Впервые я отправилась одна из Мухалатки еще на рассвете и ранним утром была в Гурзуфе.
Н. И. был обрадован моим приездом. «Я предчувствовал, что сегодня ты обязательно приедешь!» — воскликнул он.
Мы наскоро позавтракали и спустились по крутой дорожке к морю. Н. И. захватил с собой книгу, завернутую в газету. Было тихое утро. Небольшая ласковая волна, чуть пенясь, плескалась у берега и, шевеля морские камешки, издавала шуршащий успокаивающий звук, похожий на вздох.
Мы уселись меж скал, одна из них нависала над нашими головами и давала приятную тень. На мне было голубое ситцевое платье с широкой каймой из белых ромашек, черные косы свисали почти до самой каймы.
— Ты как-то незаметно выросла, — сказал Н. И., — стала взрослой.
Я смутилась. Разговор как-то не клеился, Н. И. заметно волновался. А наше чувство друг к другу было загнано внутрь, и никто не решался первым его проявить, хотя к этому времени обоим было уже ясно: оно претерпело метаморфозу, превратившись у меня из детской привязанности к Н. И., а у него — из привязанности к ребенку в чувство влюбленности.
Он раскрыл газету, в которую завернута была книга. В газете публиковались выступления делегатов съезда.
Отбросив газету с речами, Н. И. взялся за книгу. Это была «Виктория» Кнута Гамсуна.
— Мало кому, — сказал он, — удалось написать такое тонкое произведение о любви. «Виктория» — это гимн любви!

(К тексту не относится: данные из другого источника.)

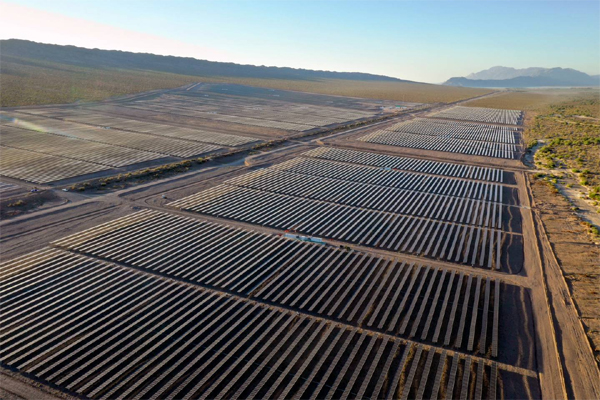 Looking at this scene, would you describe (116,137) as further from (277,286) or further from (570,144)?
(570,144)

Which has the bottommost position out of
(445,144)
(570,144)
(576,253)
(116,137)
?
(576,253)

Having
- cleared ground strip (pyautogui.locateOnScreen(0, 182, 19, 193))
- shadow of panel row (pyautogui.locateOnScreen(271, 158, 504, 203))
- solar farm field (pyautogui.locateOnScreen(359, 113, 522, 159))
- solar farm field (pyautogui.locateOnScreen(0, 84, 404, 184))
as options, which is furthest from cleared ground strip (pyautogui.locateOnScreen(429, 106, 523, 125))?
cleared ground strip (pyautogui.locateOnScreen(0, 182, 19, 193))

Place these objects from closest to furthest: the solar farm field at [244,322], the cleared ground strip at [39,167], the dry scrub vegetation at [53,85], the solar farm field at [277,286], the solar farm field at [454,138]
→ the solar farm field at [244,322] < the solar farm field at [277,286] < the cleared ground strip at [39,167] < the solar farm field at [454,138] < the dry scrub vegetation at [53,85]

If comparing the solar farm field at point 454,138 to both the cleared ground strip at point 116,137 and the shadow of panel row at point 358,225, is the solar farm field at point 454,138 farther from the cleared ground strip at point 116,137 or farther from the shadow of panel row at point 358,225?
the shadow of panel row at point 358,225

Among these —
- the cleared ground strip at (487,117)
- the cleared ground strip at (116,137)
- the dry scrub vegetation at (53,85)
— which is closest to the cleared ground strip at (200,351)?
the cleared ground strip at (116,137)

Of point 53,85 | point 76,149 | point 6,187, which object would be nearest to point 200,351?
point 6,187

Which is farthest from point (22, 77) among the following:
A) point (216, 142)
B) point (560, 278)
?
point (560, 278)

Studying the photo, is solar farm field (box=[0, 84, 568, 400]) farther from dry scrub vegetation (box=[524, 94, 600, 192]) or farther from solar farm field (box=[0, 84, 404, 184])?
dry scrub vegetation (box=[524, 94, 600, 192]) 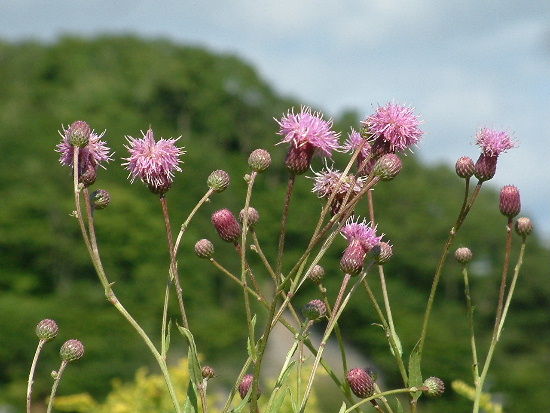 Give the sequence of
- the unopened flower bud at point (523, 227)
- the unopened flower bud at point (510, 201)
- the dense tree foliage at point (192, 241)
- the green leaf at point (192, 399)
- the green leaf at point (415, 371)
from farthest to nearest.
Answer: the dense tree foliage at point (192, 241) → the unopened flower bud at point (523, 227) → the unopened flower bud at point (510, 201) → the green leaf at point (415, 371) → the green leaf at point (192, 399)

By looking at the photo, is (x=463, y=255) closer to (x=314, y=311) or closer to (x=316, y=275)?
(x=316, y=275)

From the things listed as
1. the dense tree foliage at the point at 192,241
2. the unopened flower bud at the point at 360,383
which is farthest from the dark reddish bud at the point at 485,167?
the dense tree foliage at the point at 192,241

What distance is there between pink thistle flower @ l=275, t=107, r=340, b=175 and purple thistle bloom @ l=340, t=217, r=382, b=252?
0.97 ft

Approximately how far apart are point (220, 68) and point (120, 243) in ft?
79.1

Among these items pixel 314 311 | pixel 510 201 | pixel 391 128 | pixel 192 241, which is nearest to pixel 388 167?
pixel 391 128

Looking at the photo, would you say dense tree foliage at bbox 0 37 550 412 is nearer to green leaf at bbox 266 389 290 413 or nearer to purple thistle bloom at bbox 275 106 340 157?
purple thistle bloom at bbox 275 106 340 157

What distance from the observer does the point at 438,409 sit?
200 ft

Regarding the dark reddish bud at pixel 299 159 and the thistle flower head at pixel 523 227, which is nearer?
the dark reddish bud at pixel 299 159

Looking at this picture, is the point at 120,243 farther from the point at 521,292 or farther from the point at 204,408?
the point at 204,408

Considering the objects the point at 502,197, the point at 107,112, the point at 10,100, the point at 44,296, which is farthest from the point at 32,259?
the point at 502,197

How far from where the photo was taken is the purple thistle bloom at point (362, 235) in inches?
122

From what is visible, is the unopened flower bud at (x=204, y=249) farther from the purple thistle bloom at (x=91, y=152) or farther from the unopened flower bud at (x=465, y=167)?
the unopened flower bud at (x=465, y=167)

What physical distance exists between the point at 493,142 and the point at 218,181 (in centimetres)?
116

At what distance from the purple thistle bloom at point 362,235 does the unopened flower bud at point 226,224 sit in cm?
43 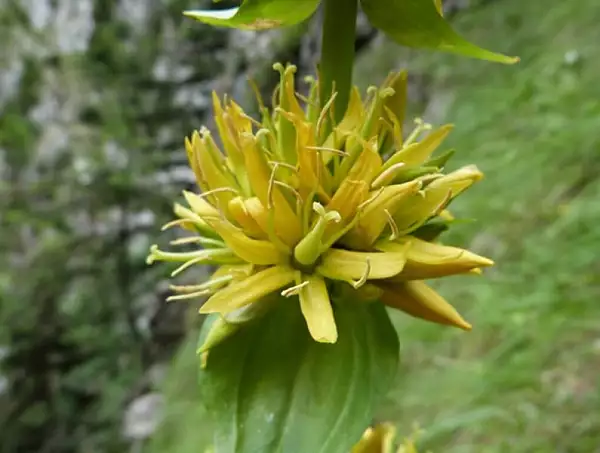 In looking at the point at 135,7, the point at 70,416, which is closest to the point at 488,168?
the point at 135,7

Как я предполагаю, книгу эту Н. И. захватил с собой не случайно. Он стал читать вслух — не подряд, а выборочно:
«Что такое любовь? Это шелест ветра в розовых кустах. Нет, это пламя, рдеющее в крови. Любовь — это адская музыка, и под звуки ее пускаются в пляс даже сердца стариков. Она точно маргаритка распускается с наступлением ночи, и точно анемон от легкого дуновения свертывает свои лепестки и умирает, если к ней прикоснешься.
Вот что такое любовь…»
Прервав чтение, он задумчиво посмотрел куда-то вдаль. Потом перевел взгляд на меня и снова в море. О чем он думал тогда?..
Затем он продолжил:
«Любовь стала источником всего земного и владычицей всего земного, но на всем ее пути — цветы и кровь, цветы и кровь!»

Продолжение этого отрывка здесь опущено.